Insight 1: The Semantics of "People" (Beriyot)

The debate between Rava and Rav Naḥman hinges on a linguistic ambiguity. If a woman vows to be "removed from the Jews," does the term "Jews" (or "people") function as a collective noun that automatically includes her husband, or does it exclude him by default because the husband-wife relationship operates on an entirely different legal plane? Rava’s objection is structural: if the husband were not included in the term "people," the vow would be an act of "self-affliction" (innui nefesh), which the husband could nullify completely. By arguing that he is included, Rava forces the vow into the category of "matters between them" (davar she-beino le-veino), where the husband only has the power to nullify his own share. This insight reveals that "people" is not just a social category; it is a legal filter that determines the scope of domestic authority.

Insight 2: The "Benefit of Discretion" (Hana’at Tevua)

The second half of the passage transitions from marriage to the laws of Pe'ah and Poor Man's Tithe. The Gemara’s concern here is whether a poor person, by taking tithes, is receiving a benefit from the owner of the field or from the sanctity of the land. The key term here is hana’at ha-da’at—the "benefit of discretion." Does the owner have the power to decide which poor person receives the gift? If the owner has this power, the gift is a personal favor, and a woman who vowed not to benefit from "people" cannot accept it. If the owner has no discretion (e.g., the tithe is left at the gates for anyone to take), it is viewed as an impersonal, divine entitlement. The tension here is between human agency and communal obligation: when does a gift stop being a "person-to-person" transaction and become an abstract right?

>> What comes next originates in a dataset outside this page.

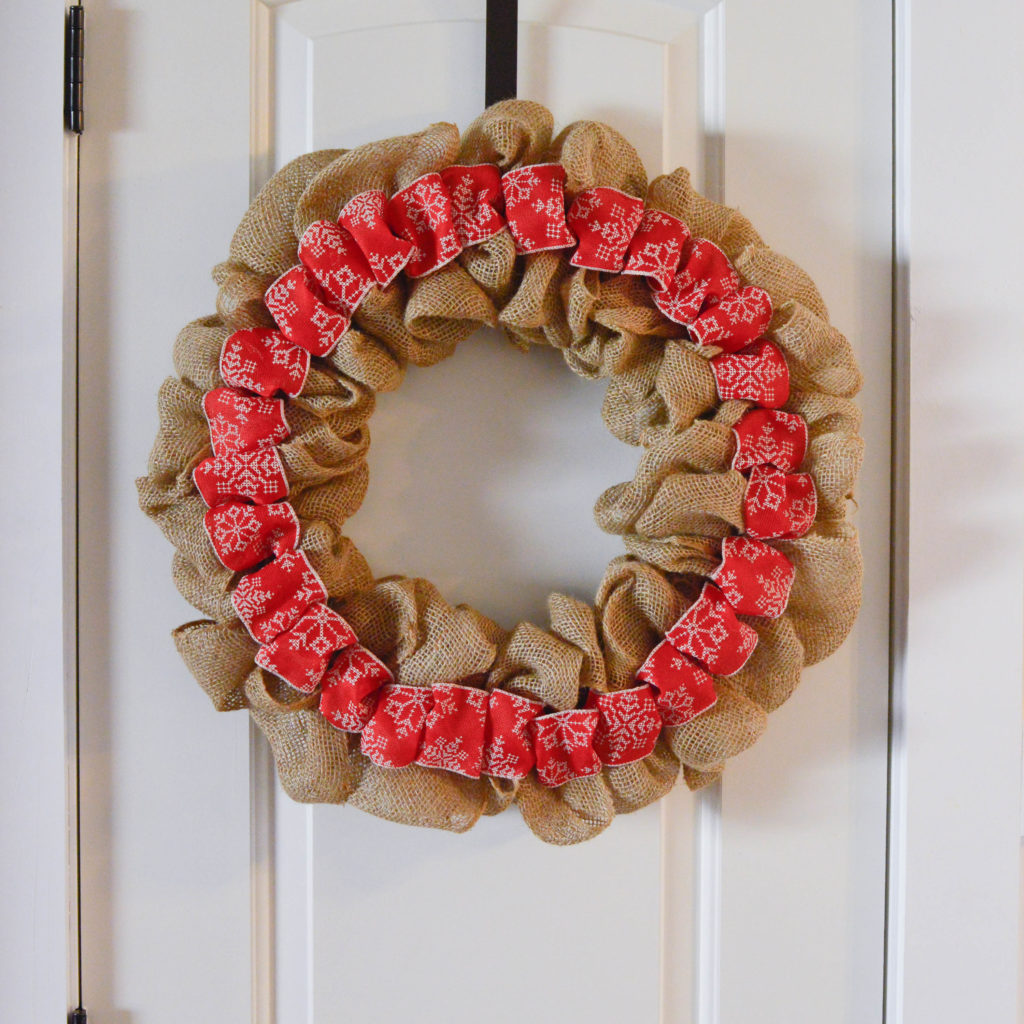 This Christmas burlap wreath is the perfect way to add some rustic charm to your home for the holiday season! It screams Farmhouse and is super budget-friendly! Pop over to get all of the details on how to make one yourself!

Insight 3: The Elasticity of Legal Status

The most profound tension in the text is the shift in status for the woman. If she vows to be forbidden to "all Jews," the Gemara notes she is forbidden to her husband, but if they divorce, she remains forbidden to everyone else. The legal status of the vow "stretches." It is not a static prohibition but an elastic one that expands and contracts based on her marital status. This challenges the notion that vows are simple declarations; they are complex legal traps that move with the individual. The commentators, specifically the Shita Mekubetzet, struggle with this, noting that if the husband is excluded from the initial "people" category, the entire logic of the vow’s longevity collapses.

Two Angles

The classic contrast here is between the Ramban and the Ran. The Ran explores the Yerushalmi’s suggestion that the validity of a vow depends on the specific moment it becomes "effective" versus the moment it is "spoken." He argues that we must look at the person’s status at the time the vow takes hold. Conversely, the Ramban (as synthesized in the Ran) often pushes toward a more categorical reading: if the person was within the scope of the vow's language at the time of speech, the vow holds, regardless of later changes in life circumstances. The tension is between a "snapshot" view of legal reality (Ramban) and a "process" view of legal reality (Yerushalmi/Ran).

Practice Implication

This passage teaches us that "general" declarations are dangerous in decision-making. When we make broad promises—"I will never do X with people"—we often fail to account for how our private relationships (the "husband" in the text) are implicated in the public sphere. In daily practice, this suggests that clarity is a prerequisite for integrity. If you vow to avoid a certain behavior (e.g., spending money on a specific luxury), you must explicitly distinguish between your community and your household. Failing to do so creates "gray zones" where the law becomes an unmanageable burden, requiring constant rabbinic or logical intervention to "nullify" the parts that were never intended to be included.

Chevruta Mini

  1. If a vow’s meaning is dependent on the "intent" of the speaker (as Rav Naḥman suggests), how can we ever create a predictable or stable legal system?
  2. Does the distinction between "distributing at the house" (discretionary) and "leaving at the gates" (non-discretionary) suggest that true charity only occurs when we surrender our power of choice?

Takeaway

Language acts as a legal net: if you cast it too broadly, you catch the people you love in prohibitions meant for the world at large.